Find "ドラゴンボールZカードダス20 第三弾 プリズムカードフルコンプ ドラゴンボールZカードダス20" below and begin at its line; stop after the line with "テェィダ阪急山本 兵庫県宝塚市". Output those lines exactly, without pictures.

**THE DATA:**
>>>>>
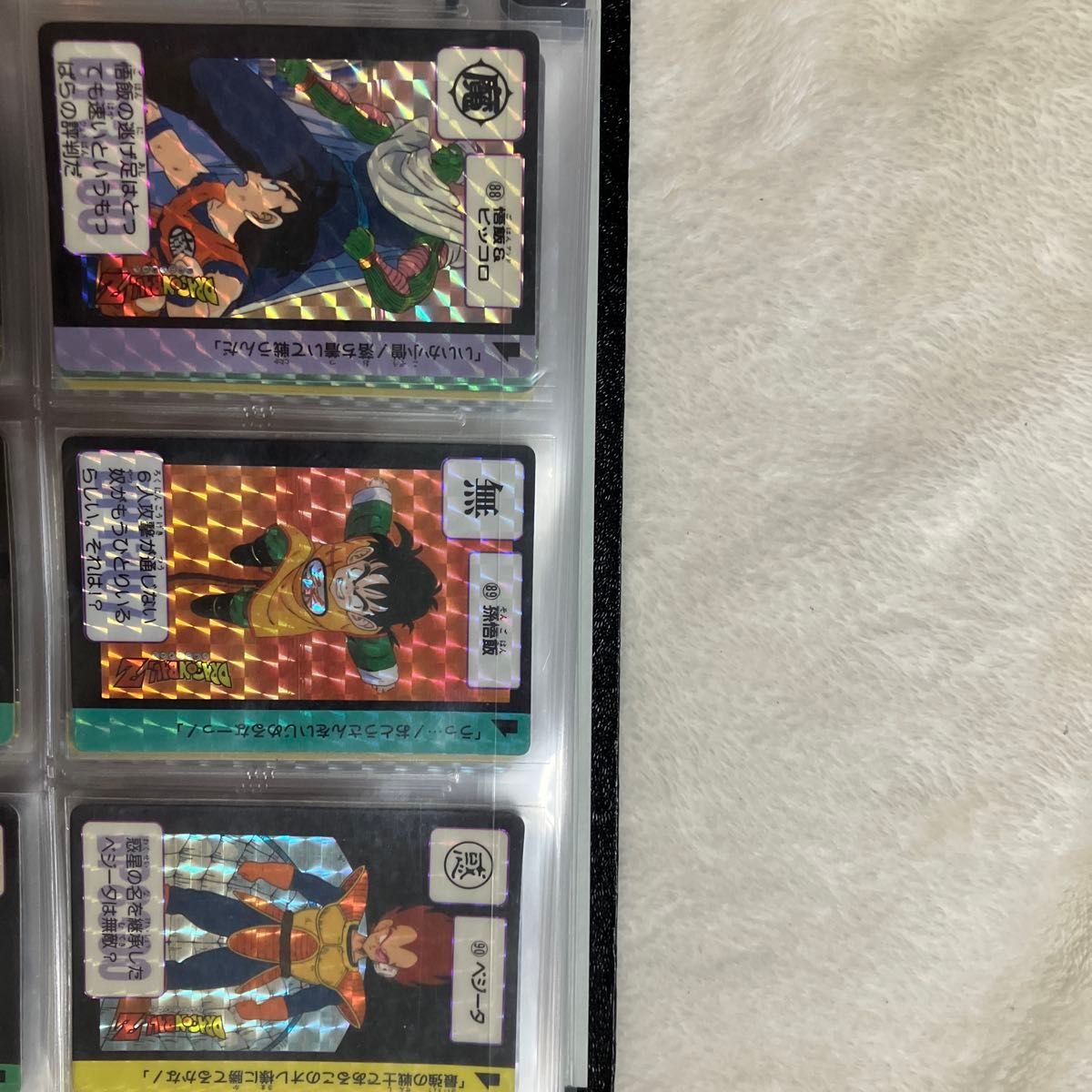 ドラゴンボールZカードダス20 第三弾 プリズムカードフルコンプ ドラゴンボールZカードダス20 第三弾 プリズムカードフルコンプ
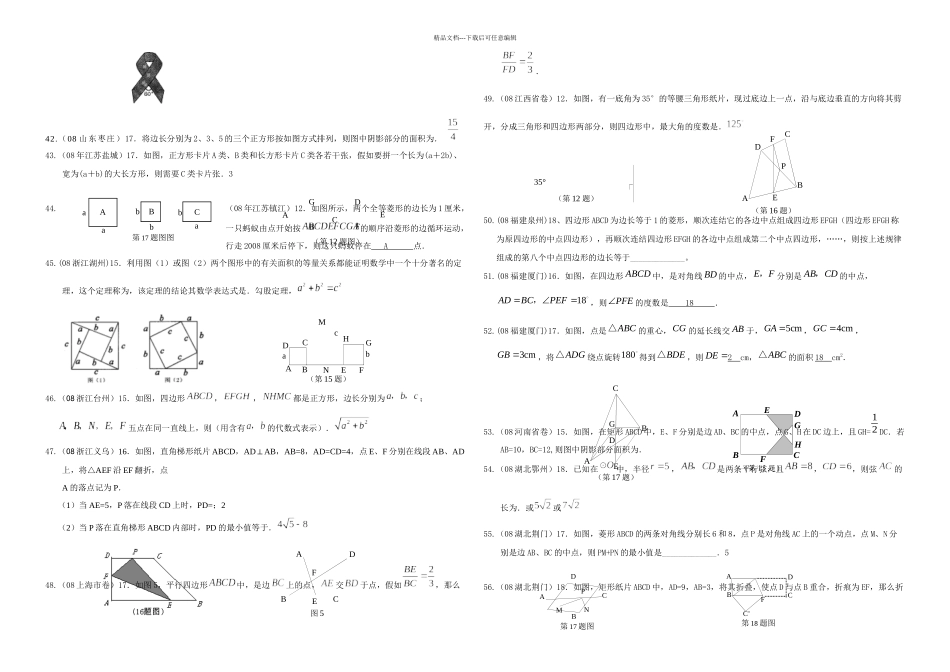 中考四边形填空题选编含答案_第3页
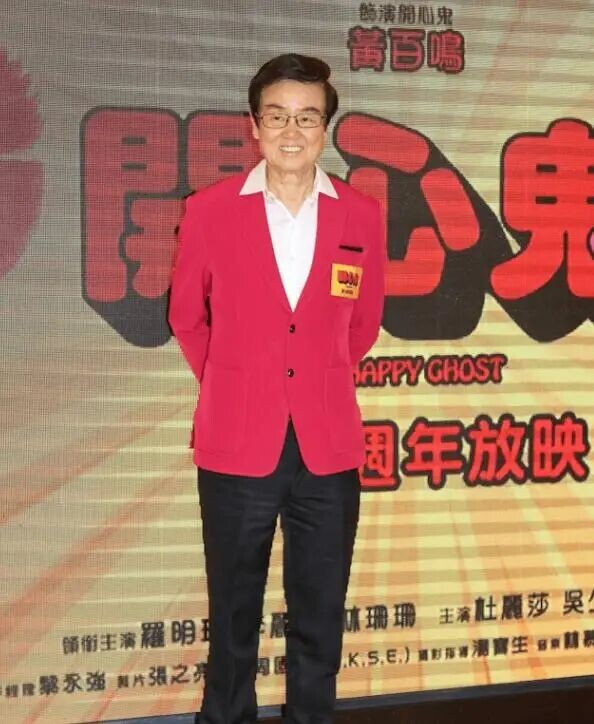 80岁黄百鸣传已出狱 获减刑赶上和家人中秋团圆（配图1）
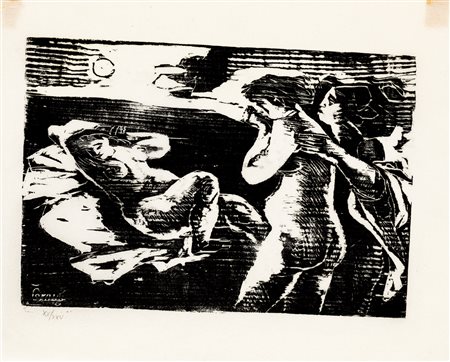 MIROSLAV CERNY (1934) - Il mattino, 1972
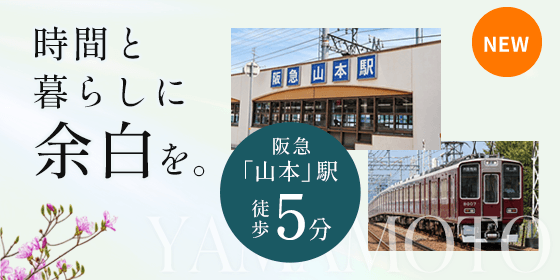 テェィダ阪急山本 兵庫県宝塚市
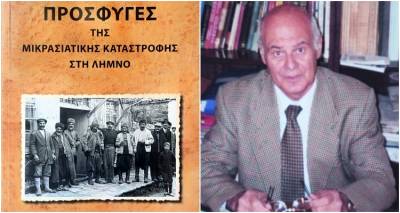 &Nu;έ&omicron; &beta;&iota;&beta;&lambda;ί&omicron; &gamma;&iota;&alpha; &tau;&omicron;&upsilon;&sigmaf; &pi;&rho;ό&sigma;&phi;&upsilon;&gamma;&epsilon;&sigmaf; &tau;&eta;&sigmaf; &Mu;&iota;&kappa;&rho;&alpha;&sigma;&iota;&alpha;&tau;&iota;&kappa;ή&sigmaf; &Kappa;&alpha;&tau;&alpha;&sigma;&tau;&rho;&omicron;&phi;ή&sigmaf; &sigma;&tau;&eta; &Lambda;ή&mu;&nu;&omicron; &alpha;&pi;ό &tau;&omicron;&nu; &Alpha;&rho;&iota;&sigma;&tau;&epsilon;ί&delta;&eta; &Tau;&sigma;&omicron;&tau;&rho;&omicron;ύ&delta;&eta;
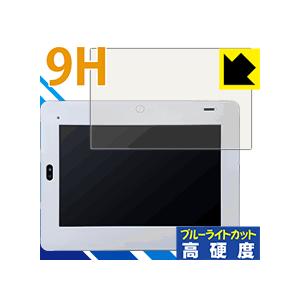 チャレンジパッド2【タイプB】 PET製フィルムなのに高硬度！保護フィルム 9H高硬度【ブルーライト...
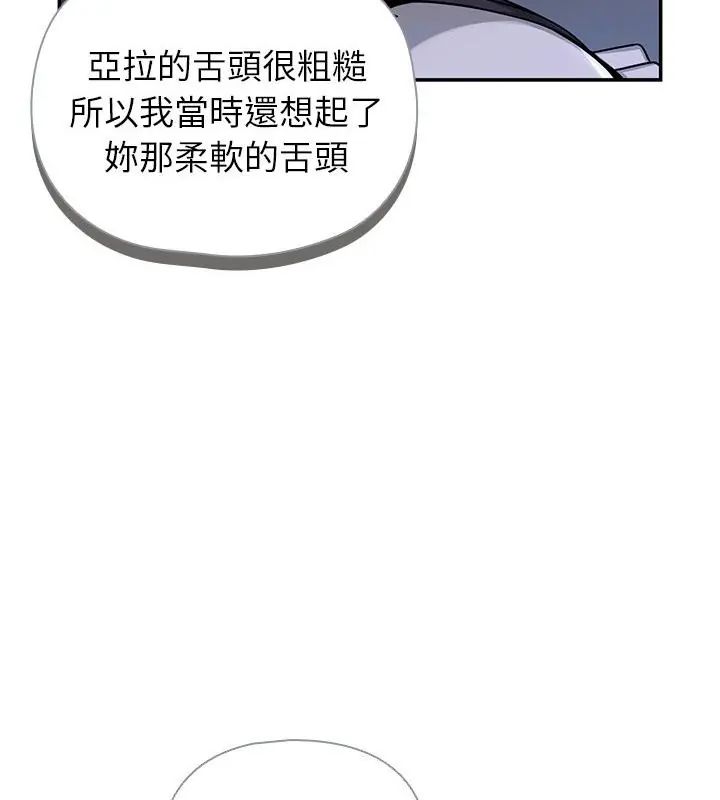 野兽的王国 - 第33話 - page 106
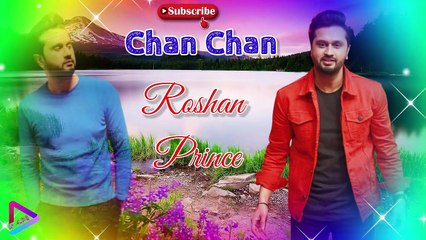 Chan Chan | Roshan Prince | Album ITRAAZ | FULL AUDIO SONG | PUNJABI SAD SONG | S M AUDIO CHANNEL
<<<<<
>>>>>
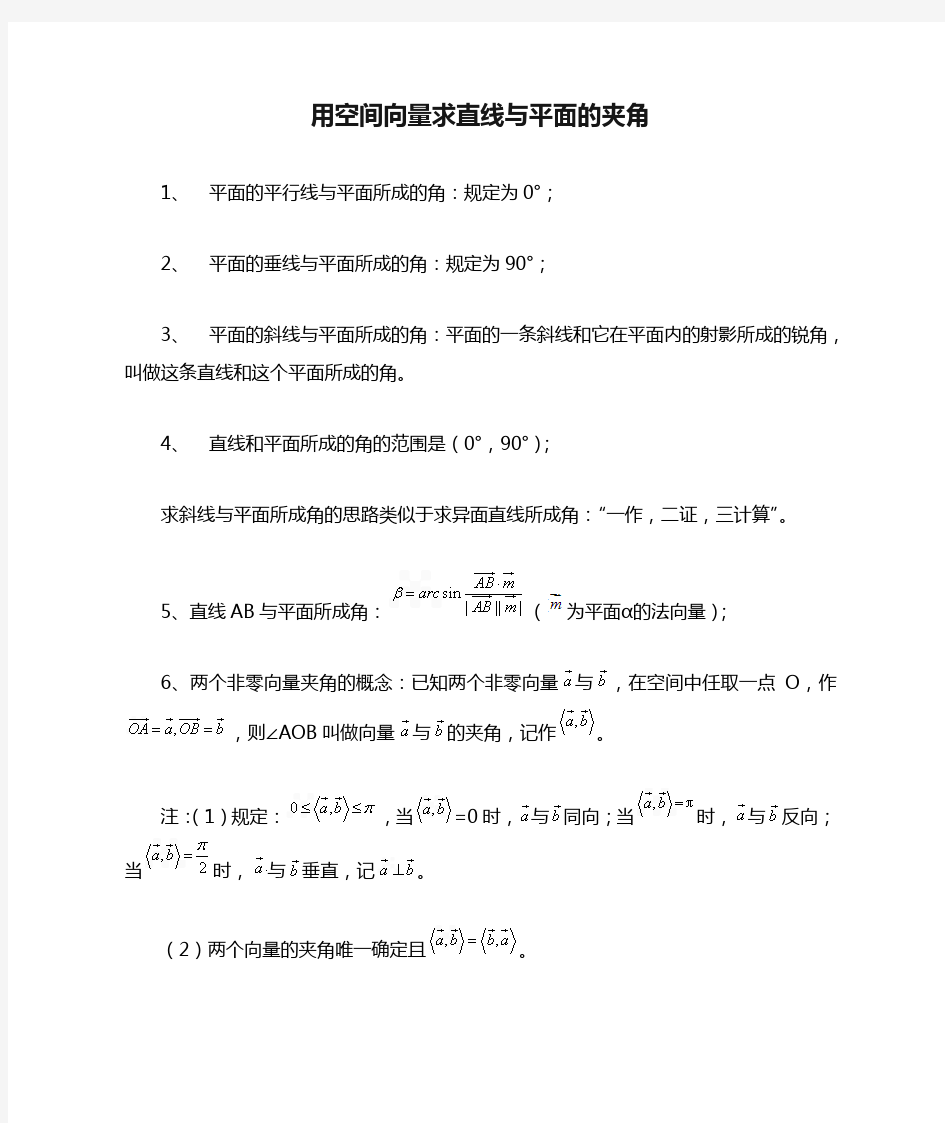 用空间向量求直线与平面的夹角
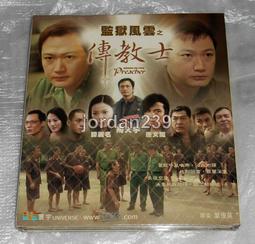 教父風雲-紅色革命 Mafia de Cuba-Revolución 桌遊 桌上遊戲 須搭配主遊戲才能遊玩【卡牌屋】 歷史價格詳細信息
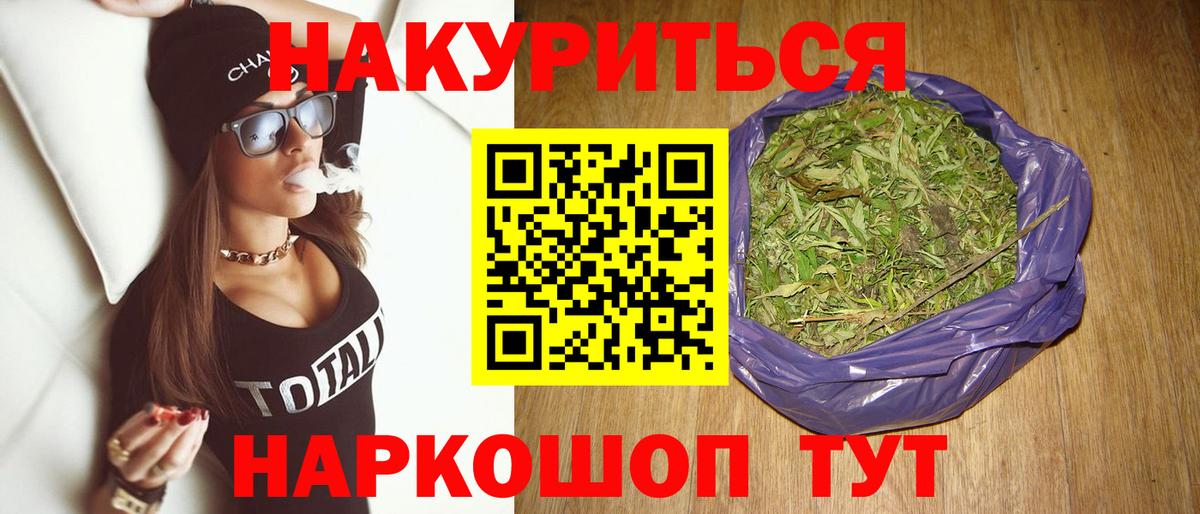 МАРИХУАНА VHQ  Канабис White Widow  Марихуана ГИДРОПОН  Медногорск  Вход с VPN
<<<<<
**TASK SOLUTION:**
 ドラゴンボールZカードダス20 第三弾 プリズムカードフルコンプ ドラゴンボールZカードダス20 第三弾 プリズムカードフルコンプ
 中考四边形填空题选编含答案_第3页
 80岁黄百鸣传已出狱 获减刑赶上和家人中秋团圆（配图1）
 MIROSLAV CERNY (1934) - Il mattino, 1972
 テェィダ阪急山本 兵庫県宝塚市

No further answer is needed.